- [Recorded data]

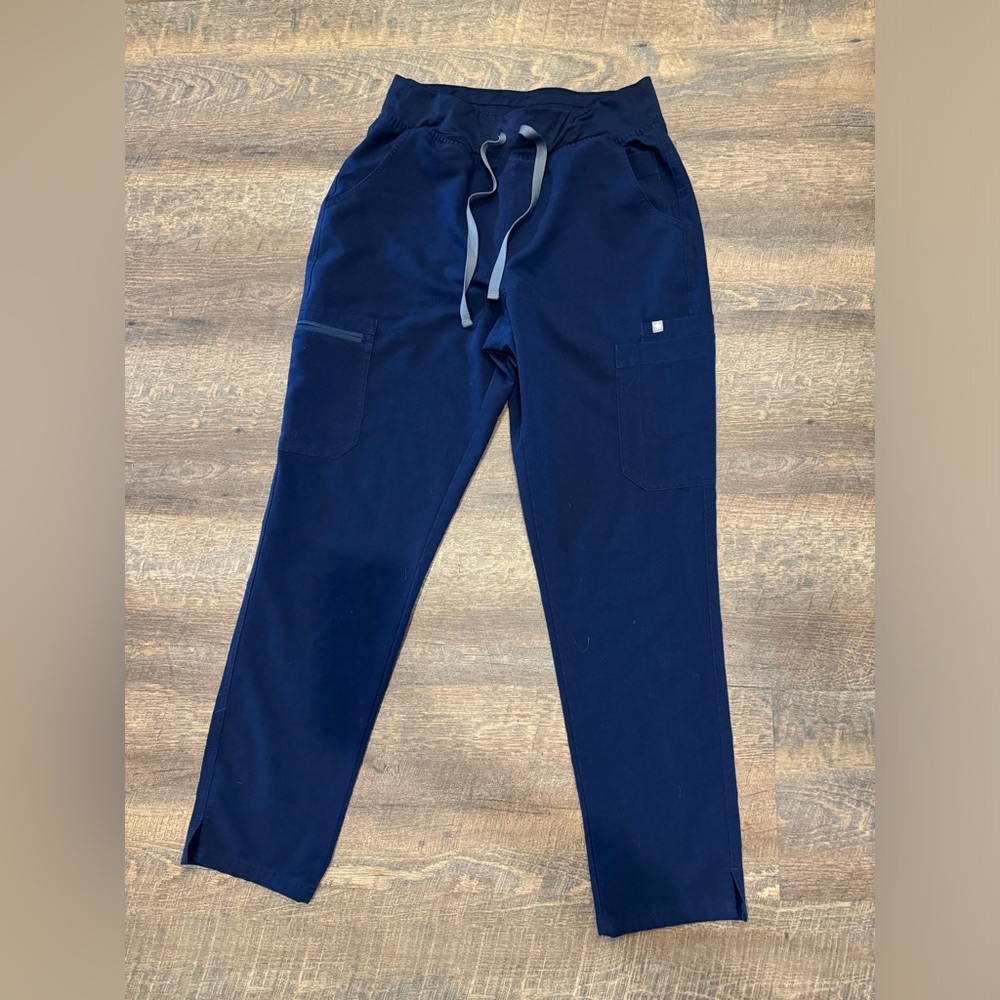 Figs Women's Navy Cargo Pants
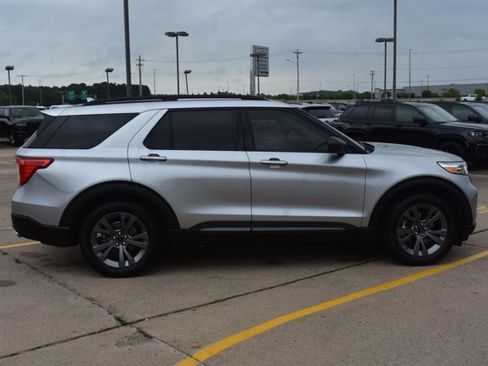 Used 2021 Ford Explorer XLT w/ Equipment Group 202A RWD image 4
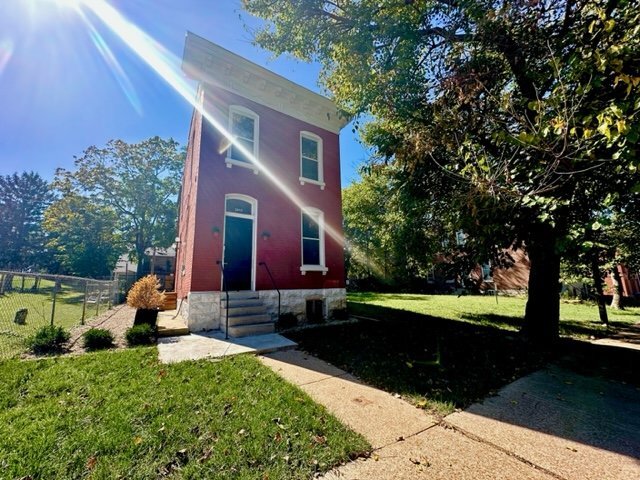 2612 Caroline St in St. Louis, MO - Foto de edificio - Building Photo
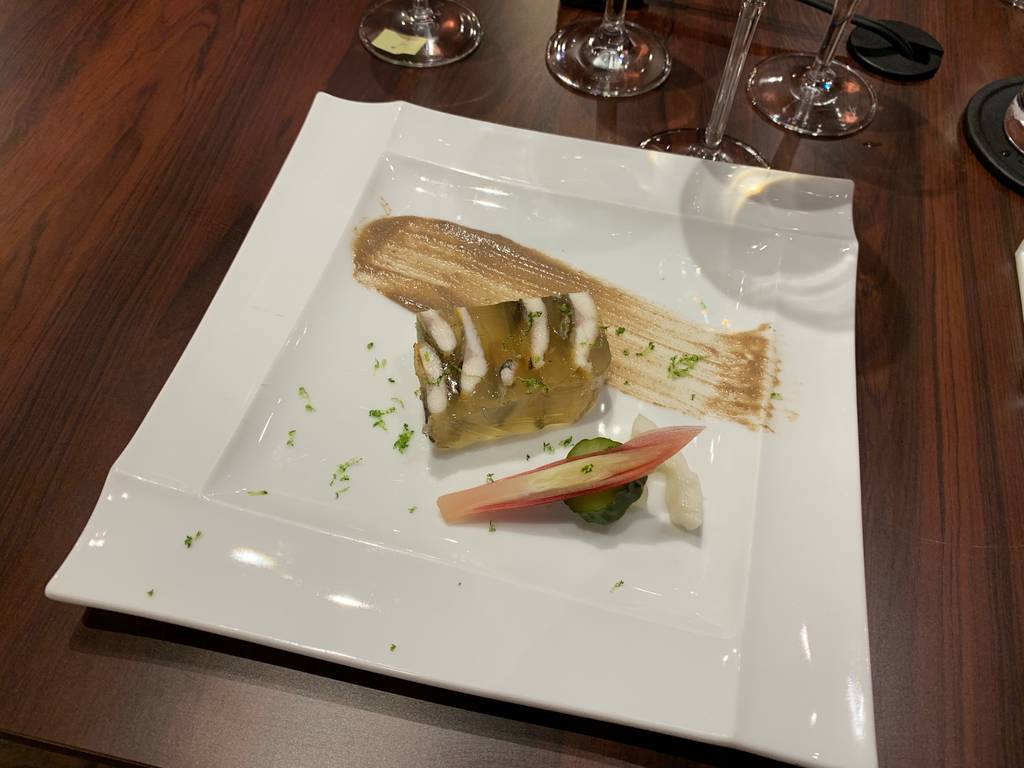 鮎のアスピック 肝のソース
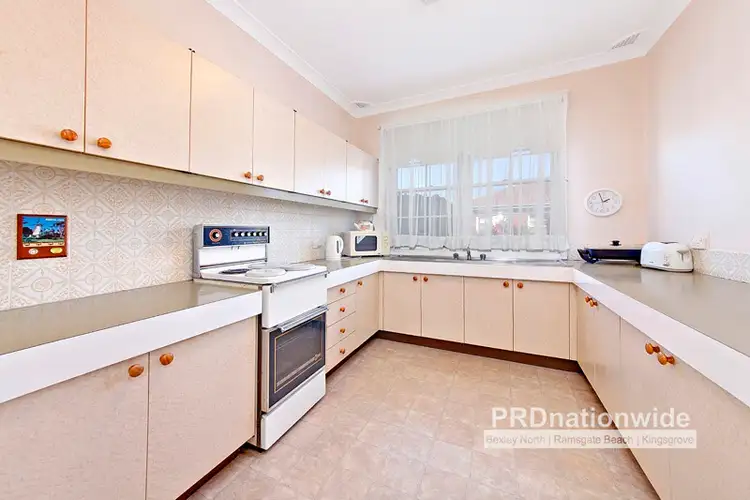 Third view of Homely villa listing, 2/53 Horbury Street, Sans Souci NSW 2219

- [Your assignment] Your answer should consist solely of the lines from the one holding "鮎のアスピック 肝のソース" through the end of the listing, reproduced exactly and without pictures.

- [Problem solution]
 鮎のアスピック 肝のソース
 Third view of Homely villa listing, 2/53 Horbury Street, Sans Souci NSW 2219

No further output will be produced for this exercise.